Climate Study and UHI

Urban regions are among the most rapidly changing environments on earth. As cities grow, they impact local and regional climates, including temperature averages and extremes. Urban areas are known to alter mean annual air temperatures by 2-5°F per 100 years and up to 20°F at night. Temperature changes affect urban dweller in many ways, influencing their health and comfort, energy costs, air quality and visibility levels, water availability and quality, ecological services, recreation, and overall quality of life.

The climate section of the UHI initiative is about Analyzing Local and Regional Climate Changes: Past, Present-Day, and Prospects for the Future. In addition to analyzing temperature data - analysis of the circumstances surrounding historical and present day collection sites (location, area characteristics) is key.

Project Contact: Anthony Brazel

How have temperatures changed over the last 1000 years?

Graph 1

1000 Year Temperature Anomaly Trend

Rapid Urbanization and the UHI Trend

Graph 2

Phoenix-Casa Grande Annual Average Minimum Temperatures 1960 to present. Data from the Western Regional Climate Center. Note the large increase in Phoenix temperatures compared to the National monument site of Casa Grande.


Example of typical urban effects on the local climate system

Graph 3

Urban climate effects for a mid-latitude city with about 1 million inhabitants
(values for summer unless otherwise noted).


Background - What is the Urban Heat Island (UHI)?

For nearly 100 years, it has been believed that urban areas affect the local climate, mainly in terms of the temperature. The urban effect is due to changes in the thermal properties, moisture and aerodynamic character of the built environment. These changes create a distinct urban boundary layer, or heat dome. This heat dome extends vertically above the city, and in windy conditions can be located downwind as a plume. The temperatures within the heat dome can be 10°F (6°C) higher than the surrounding areas.

At a given time of day, a balance of incoming energy from the sun and outgoing heat from the surface determines the surface temperature. Solar radiation strikes the surface, and reflects a portion back to space and with the remainder both heating the surface and evaporating any water that may be present. The heat is transferred upwards, in part by thermal (infrared) radiation and by turbulence due to the wind flowing over the surface.

In built urban areas, there is generally less water on the surface, as compared to the outlying rural areas. In addition, the walls of buildings radiate horizontally instead of vertically, which traps the heat near the surface. Both of these factors result in the elevation of temperature that is the urban heat island (refer to figure 1).

FIGURE 1.

The low level heating over the cities also has low pressure associated with it. This results in a flow from the rural areas toward the urban center, with the air converging and rising over the city. This rising air can, if conditions are favorable, result in the triggering of thunderstorms over the city (refer to figure 2).

FIGURE 2.

The higher temperatures within the urban dome can also increase the rate of some chemical reactions, and in particular, the formation of low-level ozone. As a result, the urban heat island can have a profound effect on human comfort and health.

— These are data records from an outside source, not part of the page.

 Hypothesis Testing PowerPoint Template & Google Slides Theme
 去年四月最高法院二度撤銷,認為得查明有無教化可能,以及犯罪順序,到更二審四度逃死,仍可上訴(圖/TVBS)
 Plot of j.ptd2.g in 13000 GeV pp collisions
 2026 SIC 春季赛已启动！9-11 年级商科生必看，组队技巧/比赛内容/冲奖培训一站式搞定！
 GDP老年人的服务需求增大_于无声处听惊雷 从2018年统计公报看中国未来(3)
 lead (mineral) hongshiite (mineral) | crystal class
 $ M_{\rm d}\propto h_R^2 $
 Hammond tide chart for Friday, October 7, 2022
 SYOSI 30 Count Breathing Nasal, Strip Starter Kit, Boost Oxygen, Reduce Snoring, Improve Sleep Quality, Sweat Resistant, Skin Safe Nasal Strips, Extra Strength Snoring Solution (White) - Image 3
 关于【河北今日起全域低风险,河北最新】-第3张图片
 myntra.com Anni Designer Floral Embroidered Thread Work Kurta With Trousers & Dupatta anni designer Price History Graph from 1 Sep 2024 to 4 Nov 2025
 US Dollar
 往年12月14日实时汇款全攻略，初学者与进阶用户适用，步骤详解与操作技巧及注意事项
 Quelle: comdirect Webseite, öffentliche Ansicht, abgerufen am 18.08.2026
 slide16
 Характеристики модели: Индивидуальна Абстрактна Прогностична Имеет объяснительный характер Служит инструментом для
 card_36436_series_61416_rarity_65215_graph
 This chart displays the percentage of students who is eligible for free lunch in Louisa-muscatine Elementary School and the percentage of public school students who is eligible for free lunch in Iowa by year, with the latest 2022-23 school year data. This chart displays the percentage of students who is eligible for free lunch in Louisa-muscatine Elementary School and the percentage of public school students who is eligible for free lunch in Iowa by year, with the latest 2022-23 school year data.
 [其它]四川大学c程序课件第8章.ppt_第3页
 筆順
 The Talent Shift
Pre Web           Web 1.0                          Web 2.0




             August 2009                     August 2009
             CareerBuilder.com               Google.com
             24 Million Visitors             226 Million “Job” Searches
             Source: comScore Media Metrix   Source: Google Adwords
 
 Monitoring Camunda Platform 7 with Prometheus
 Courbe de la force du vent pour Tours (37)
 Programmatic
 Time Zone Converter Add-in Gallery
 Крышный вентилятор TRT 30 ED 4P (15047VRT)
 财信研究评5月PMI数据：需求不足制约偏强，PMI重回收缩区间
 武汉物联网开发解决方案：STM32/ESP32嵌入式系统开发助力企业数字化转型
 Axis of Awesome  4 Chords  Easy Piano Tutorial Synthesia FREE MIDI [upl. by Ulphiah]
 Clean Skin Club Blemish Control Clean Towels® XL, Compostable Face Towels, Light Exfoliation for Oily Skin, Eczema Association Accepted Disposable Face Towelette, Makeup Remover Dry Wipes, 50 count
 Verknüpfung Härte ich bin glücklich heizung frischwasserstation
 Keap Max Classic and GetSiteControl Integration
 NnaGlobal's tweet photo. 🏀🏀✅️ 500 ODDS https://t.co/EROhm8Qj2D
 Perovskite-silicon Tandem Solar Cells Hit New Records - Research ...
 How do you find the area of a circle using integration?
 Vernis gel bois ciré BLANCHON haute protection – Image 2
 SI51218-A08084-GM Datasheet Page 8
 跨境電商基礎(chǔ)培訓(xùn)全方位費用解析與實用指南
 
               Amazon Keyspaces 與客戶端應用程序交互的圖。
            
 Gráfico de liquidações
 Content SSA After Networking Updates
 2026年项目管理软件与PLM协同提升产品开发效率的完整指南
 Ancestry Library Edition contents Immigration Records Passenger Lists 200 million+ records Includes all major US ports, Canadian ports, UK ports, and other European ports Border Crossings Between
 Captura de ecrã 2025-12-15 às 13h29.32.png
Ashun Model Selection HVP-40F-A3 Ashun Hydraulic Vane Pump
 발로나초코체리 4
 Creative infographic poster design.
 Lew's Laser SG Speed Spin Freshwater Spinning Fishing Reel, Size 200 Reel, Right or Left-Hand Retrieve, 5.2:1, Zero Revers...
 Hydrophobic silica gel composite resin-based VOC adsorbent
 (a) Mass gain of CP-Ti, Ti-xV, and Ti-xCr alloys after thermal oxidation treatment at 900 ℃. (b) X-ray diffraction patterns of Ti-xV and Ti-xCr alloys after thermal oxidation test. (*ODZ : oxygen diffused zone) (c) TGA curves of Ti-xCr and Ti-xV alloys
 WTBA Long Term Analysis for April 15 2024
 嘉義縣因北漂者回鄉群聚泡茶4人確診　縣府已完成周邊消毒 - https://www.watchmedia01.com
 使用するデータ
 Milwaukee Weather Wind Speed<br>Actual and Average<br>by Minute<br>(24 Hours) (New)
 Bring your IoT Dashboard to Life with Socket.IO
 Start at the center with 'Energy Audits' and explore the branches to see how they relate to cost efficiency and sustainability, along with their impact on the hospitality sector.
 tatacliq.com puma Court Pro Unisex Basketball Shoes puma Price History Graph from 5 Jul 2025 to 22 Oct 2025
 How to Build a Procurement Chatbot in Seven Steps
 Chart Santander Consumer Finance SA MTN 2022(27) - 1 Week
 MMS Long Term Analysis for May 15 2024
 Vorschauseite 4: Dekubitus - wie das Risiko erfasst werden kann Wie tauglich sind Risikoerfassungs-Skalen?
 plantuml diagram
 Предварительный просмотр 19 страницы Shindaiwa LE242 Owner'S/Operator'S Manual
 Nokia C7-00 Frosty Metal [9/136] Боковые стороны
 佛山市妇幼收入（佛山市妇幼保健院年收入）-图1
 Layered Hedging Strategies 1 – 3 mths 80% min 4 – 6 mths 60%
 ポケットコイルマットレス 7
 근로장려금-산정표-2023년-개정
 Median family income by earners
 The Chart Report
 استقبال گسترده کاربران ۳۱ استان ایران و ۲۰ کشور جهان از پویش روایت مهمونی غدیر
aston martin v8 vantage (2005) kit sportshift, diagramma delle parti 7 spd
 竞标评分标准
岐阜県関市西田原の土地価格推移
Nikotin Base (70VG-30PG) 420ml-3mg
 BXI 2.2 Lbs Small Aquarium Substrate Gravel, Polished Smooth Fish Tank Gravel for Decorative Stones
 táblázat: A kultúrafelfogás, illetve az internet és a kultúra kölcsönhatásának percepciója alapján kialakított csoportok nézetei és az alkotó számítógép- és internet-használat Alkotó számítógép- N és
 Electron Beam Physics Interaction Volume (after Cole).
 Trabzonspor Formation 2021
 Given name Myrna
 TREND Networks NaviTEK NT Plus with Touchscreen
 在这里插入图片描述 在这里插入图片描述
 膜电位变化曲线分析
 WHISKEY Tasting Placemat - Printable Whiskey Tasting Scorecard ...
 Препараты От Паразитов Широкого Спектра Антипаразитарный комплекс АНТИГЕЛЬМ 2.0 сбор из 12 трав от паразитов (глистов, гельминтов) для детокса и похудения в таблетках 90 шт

Urban Heat Island in Desert Cities

Special circumstances within desert cities alter the character of the urban heat island, both in general and its character throughout the day. In general, the surface within a desert metropolitan area has more available surface water than the natural desert due to irrigated landscapes. This results in a higher percentage of solar energy evaporating surface water, creating a cooler environment. Further, surfaces within the urban center described as hard and rough, compared to the sparsely vegetated natural desert. This urban surface roughness increases the turbulent transport of surface heat, which also helps keep the surface cool. These factors lead to a reduction of temperatures within the urban center that is known as the oasis effect.

FIGURE 3.

The highest daytime temperatures in the region occur in the natural desert areas (see figure 3). There is a slight mitigation of the temperatures in the urban center and xeriscaped residential areas due to evaporation of surface water and shading. Heavily irrigated residential areas are coolest, due both to evaporating surface water and the shading effect of trees. The agricultural areas have the highest surface moisture, but without shading of the surface, the temperatures are higher than in the mesic residential areas.

FIGURE 4.

FIGURE 5.

The situation at night is different from the day (see figure 4). At night, the surface temperature decreases as heat is radiated away from the surface. The most dramatic difference is seen in the desert areas where the cooling is the most complete. Within the built urban area, radiation trapping by the buildings inhibits cooling, and this results in the urban area being warmer than the surrounding areas at night. Temperatures within the urban core are the highest, with the residential areas being somewhat cooler and open areas being coolest. The mesic residential areas, which are cooler than the agricultural areas during the day, are warmer at night. The trees that shade the surface during the day trap radiation at night, and inhibit the cooling of the surface (see figure 5).